Ways to contact elected officials:

COVID Impact and Equity

The MA Department of Public Health is partnering with the PHIWM to provide support to municipalities, community-based organizations, and other community partners and residents in accessing, analyzing,  and contextualizing critical health equity data from the COVID Community Impact Survey (CCIS). The goal of this effort is to provide data on specific geographies, populations, and topics to help us better understand where to most equitably and impactfully provide pandemic assistance and resources across the commonwealth. 

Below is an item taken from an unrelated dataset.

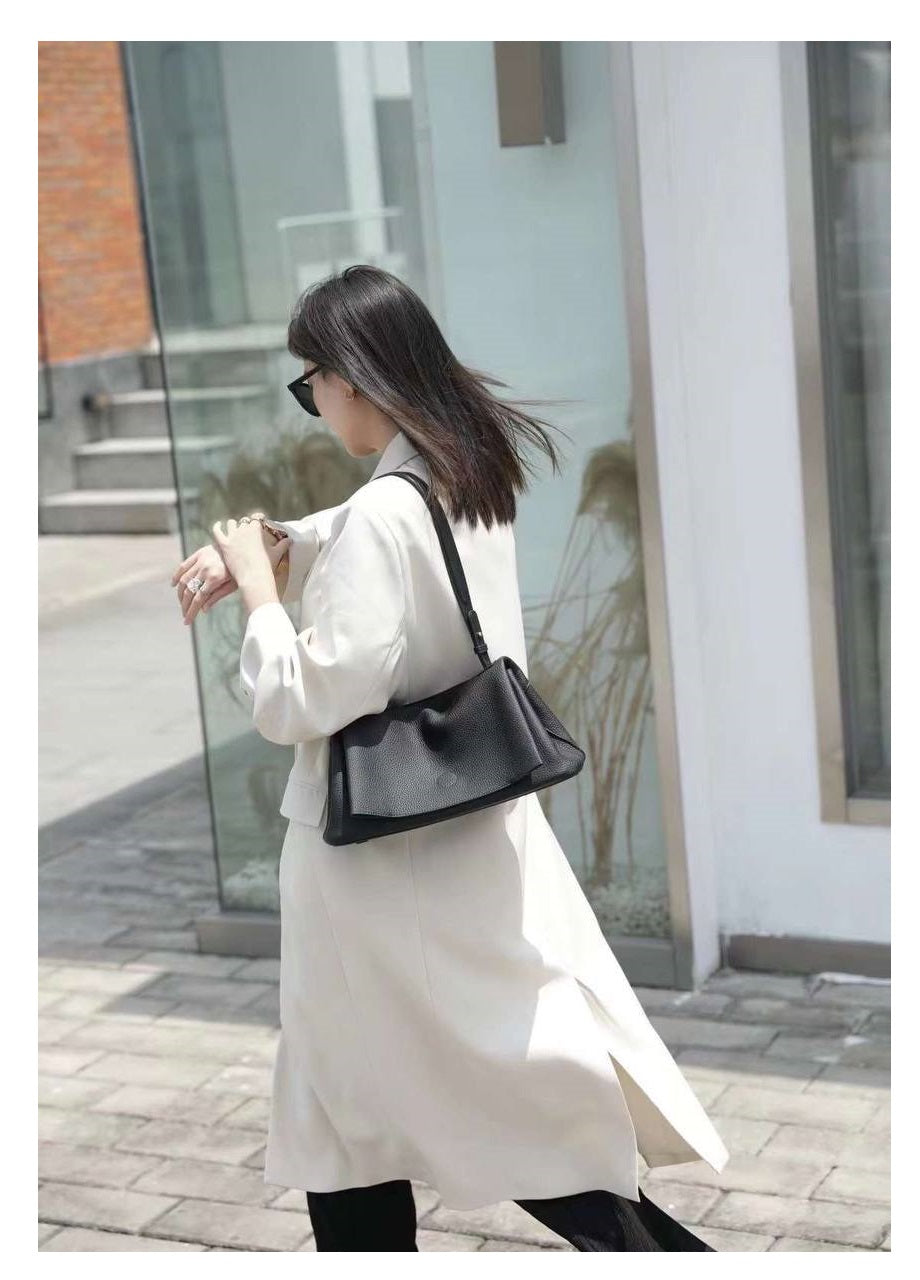 The “Modern Charm” genuine leather bag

Data was collected in 8 domains below and can be further broken down and analyzed by disability, race, sexual orientation, gender identity, geography, income, education, age, industry/occupation, and more.

  1. Demographics (race, gender, sexual orientation, disability, status, education, income, etc.)
  2. Perceptions & experiences of COVID (access to testing, ability to social distance, level of concern, etc.)
  3. Basic needs (access to goods, services, information, etc.)
  4. Access to healthcare (health needs, types of care, barriers to care)
  5. Employment (changes in employment, barriers, ability to work from home, access to protections, etc.)
  6. Mental health (trauma, challenges, resource needs. etc.)
  7. Substance use (change in use, resource needs, etc.)
  8. Safety (intimate partner violence, discrimination, etc.)